The top benefactors were allegedly former president Petro Poroshenko and DTEK’s owner Rinat Akhmetov, Ukraine’s wealthiest oligarch. Both deny any wrongdoing.
“DTEK actually usurped power and prepared regulatory documents that were beneficial for itself, figured out how to approve them with all government agencies and on behalf of whom, and made them mandatory for national execution,” Gulmagomedov said.
DTEK’s press office sent the Kyiv Post a highly detailed response, denying that it was involved in any back-channel conspiracies. The company added that the formula was approved by many Ukrainian and international experts. Furthermore, it denied making any super-profits off the back of the formula, saying that its cash flow was relatively modest throughout this period.
According to London Stock Exchange filings, DTEK lost Hr 6.6 billion in 2016, compared to Hr 37 billion in 2015. Nevertheless, its revenue increased to Hr 128 billion from Hr 93 billion and its gross profit and cash generated from operations both tripled to Hr 15 billion in 2016 from Hr 5 billion in 2015.
“There was no behind-the-scenes ‘dialogue between DTEK, (the energy regulator) and high-level politicians,’ that would lead to the adoption of a methodology for determining the price of coal,” the company wrote.
Former President Petro Poroshenko’s press service flatly denied wrongdoing.
“We call on your respected paper not to distribute fake news produced by order of certain oligarchic groups. A ‘myth’ about Rotterdam+ was created for political purposes and the decision of SAPO (the Specialized Anti-Corruption Prosecutor’s Office) to close this case due to the absence of losses and victims proves this conclusively,” the ex-president’s press secretary told the Kyiv Post in an email.
Nevertheless, despite being stalled by the previous and current state administration’s delaying tactics, NABU said that it has enough materials to go to court. However, the Special Anti-Corruption Prosecutor partly suspended the case on Aug. 28.
The bureau appealed and also went public. In a 2.5-hour interview, NABU detectives walked the Kyiv Post through their investigation and why, despite having a strong case, they are being kept out of the courtroom.

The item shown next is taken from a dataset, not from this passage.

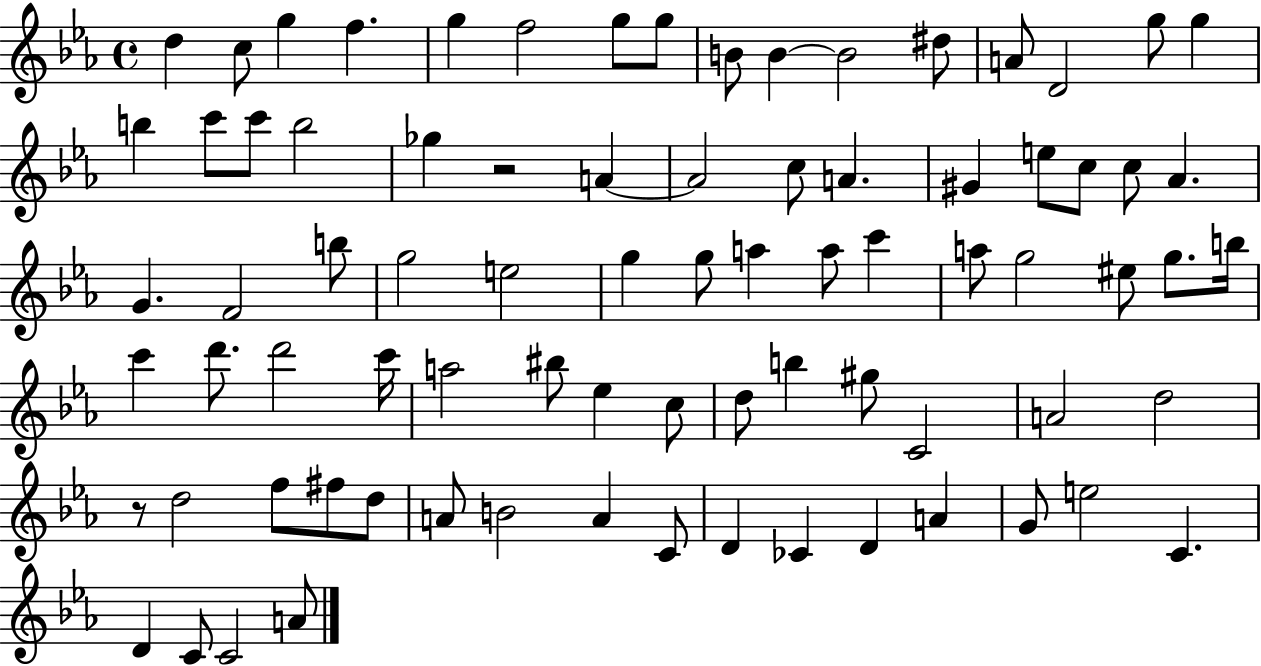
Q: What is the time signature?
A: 4/4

“This whole story… probably looks very funny from outside to any adequate community, which can see that the prosecuting authority is screaming ‘take us to court’,” Gulmagomedov said.
Reluctant prosecutor
Gulmagomedov’s deputy was working late on Thursday, Aug. 27. He was putting together a monthly report when he noticed a change in the investigation database.

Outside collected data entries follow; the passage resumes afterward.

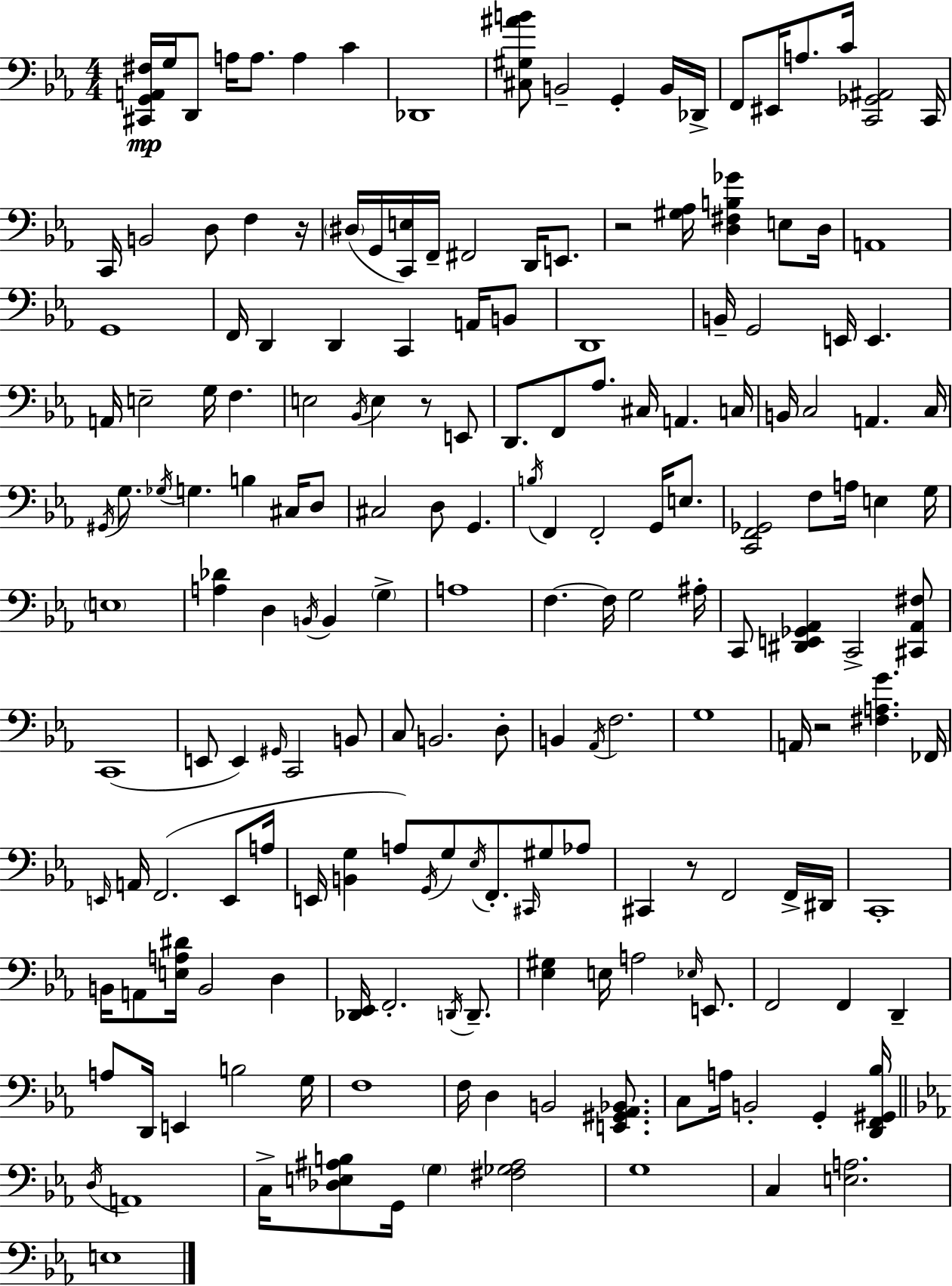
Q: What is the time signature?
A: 4/4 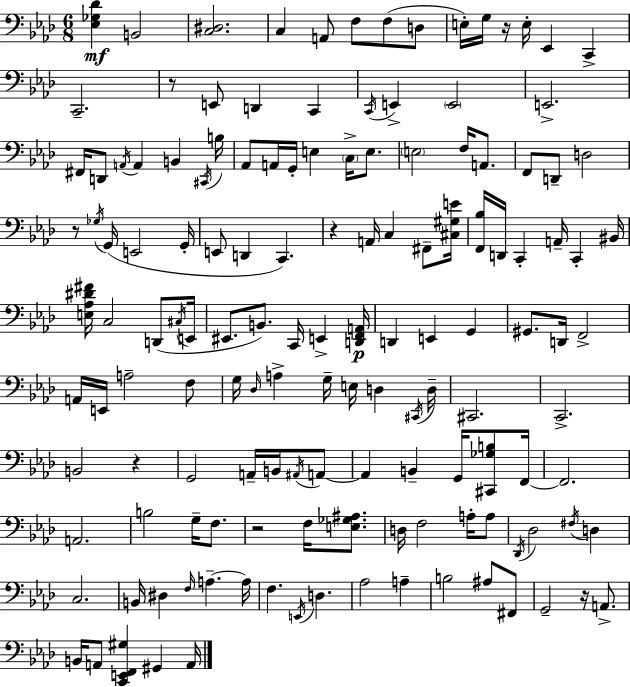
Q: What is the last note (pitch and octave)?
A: A2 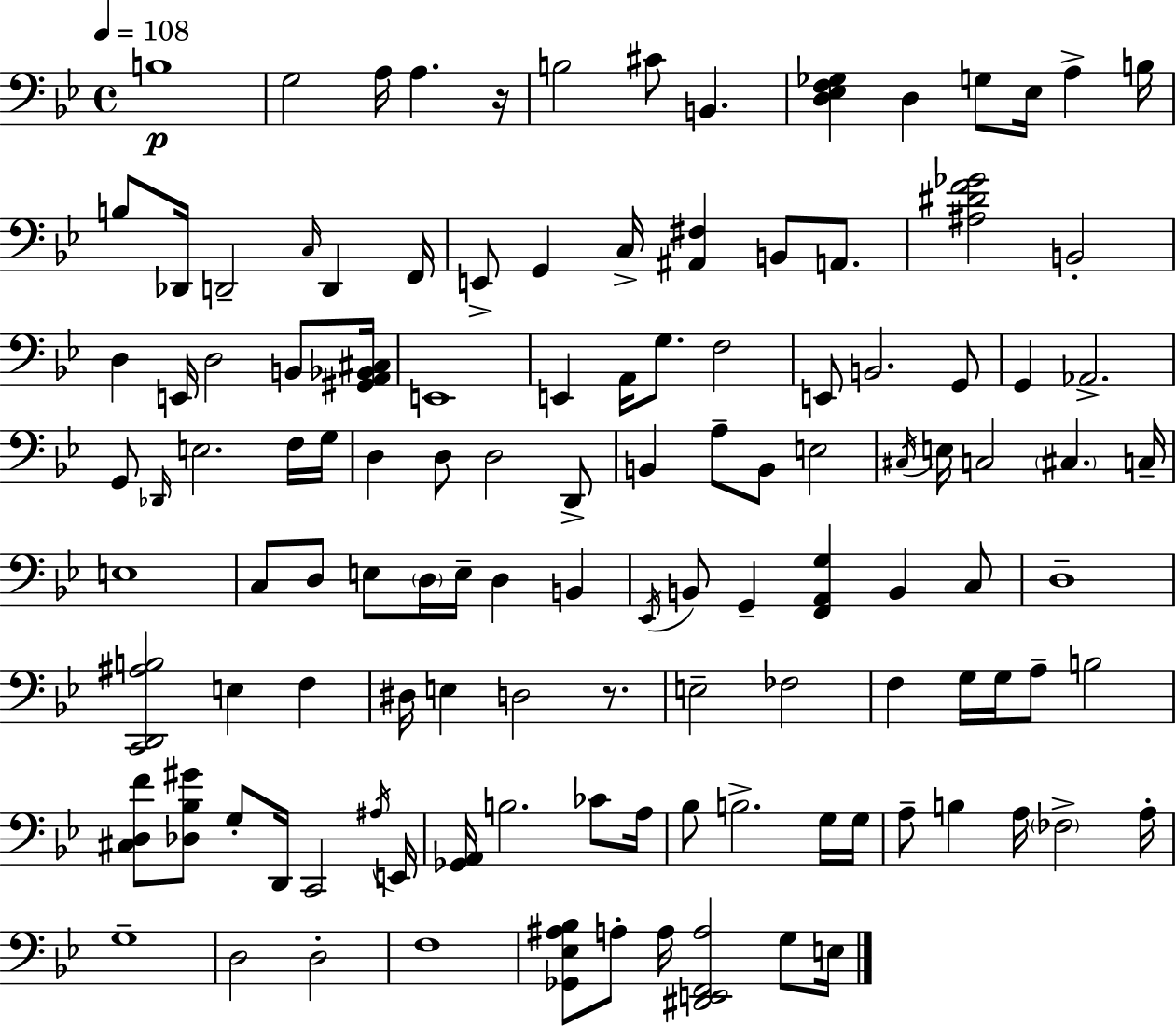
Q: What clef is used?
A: bass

He took a closer look and saw that the Rotterdam+ case had been partly closed. He would later learn that a prosecutor ruled that there wasn’t enough evidence against the six main suspects — government officials and DTEK employees — and that it was impossible to establish losses.
“He messaged me at midnight to say, well, how shocked he was,” Gulmagomedov said, displaying the deputy’s obscenity-laden late night texts on his phone.

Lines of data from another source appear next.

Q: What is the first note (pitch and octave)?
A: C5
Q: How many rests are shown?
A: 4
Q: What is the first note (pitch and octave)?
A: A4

The closure came without warning, at the end of the workday on Thursday. Gulmagomedov thinks SAPO was trying to slip it under the radar to waste NABU’s three-day window to appeal.
“If we did not appeal on Friday, we could have lost our right to appeal altogether,” he said.
When asked whether SAPO is under corrupt influence, Gulmagomedov hesitated. “Generally, it is not,” he said. But this case’s prosecutor, Vitaliy Ponomarenko, might be.
“I once sent him a picture with a titan lifting a huge rock up a mountain. I always asked him: ‘Vitaliy Pavlovich, are you with us under the rock or are you the rock?’ It seemed like he was the rock. We were constantly pushing him,” Gulmagomedov said.
In an emailed response, SAPO refused to address NABU’s allegations against Ponomarenko and only said that it is an independent body, which closed the case for a reason.
According to SAPO, there was not enough evidence against the six suspects and the investigation deadline elapsed. The office also referred to the results of the most recent expert analysis released by the Security Service of Ukraine (SBU), which was unable to establish how much money the state lost due to Rotterdam+.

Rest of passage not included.